In this case, the appellate court found that “[a]djudicating this class action controversy would require the trial court to assume general regulatory powers over the health care industry through the guise of enforcing the UCL, a task for which the courts are not well-equipped.” Alvarado, at 258. This is particularly true because under the court’s analysis, see id., at 258-59, § 1276.5(a) “is a regulatory statute, which the Legislature intended the DHS to enforce.” Id., at 258. Moreover, “ the DHS is better equipped to determine compliance with the statute.” Id., at 259. Deciding the merits of the class action claims would require the trial court “determine on a class-wide basis whether a particular skilled nursing or intermediate care facility is governed by section 1276.5 or 1276.9,” and perform the difficult task of “calculat[ing] nursing hours for each facility involved in this case,” id., at 259. Additionally, “adjudicating this class action controversy would require the trial court to classify employees into different categories including aides, nursing assistants, orderlies, registered nurses, licensed vocational nurses, directors of nursing and licensed psychiatric technicians who perform direct nursing services,” id., and then “calculate the hours they worked,” id., at 259-60. This task is complicated by the fact that the statute “provides different formulas for calculating nursing hours in different skilled nursing facilities.” Id. As the Court of Appeal found at page 260,
Thus, the court would have to determine on a class-wide basis the size, configuration and licensing status of skilled nursing and intermediate care facilities. For example, the court would have to determine whether the facility accommodated 60 or more patients, whether a distinct part of a facility or free-standing facility provided care for developmentally disabled or mentally disordered persons, and whether the facility was licensed as a part of a state hospital.
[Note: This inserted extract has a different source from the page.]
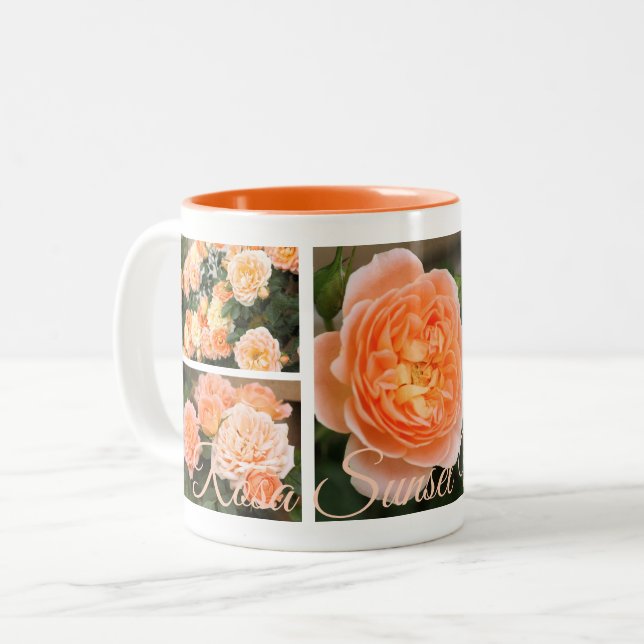 Caneca De Café Em Dois Tons Rosa Sunset Memory：Two‐tone Mug (Frente Esquerda)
In light of this, the appellate court concluded that the trial court properly abstained from the class action: “We find that calculating on a class-wide basis whether skilled nursing or intermediate facilities are in compliance with section 1276.5, subdivision (a), or section 1276.9, subdivisions (a) or (d) , is a task better accomplished by an administrative agency than by trial courts.” Alvarado, at 260. Indeed, if the trial court had injected itself into the nursing care regulations in the manner required by the class action complaint, then “it would have to decide whether to issue networks of injunctions across the State of California” and, if so, “it would have to monitor and enforce them.” Id. The trial court did not abuse its discretion in electing to abstain from this task. Id. Accordingly, the Court of Appeal affirmed the dismissal of the class action complaint.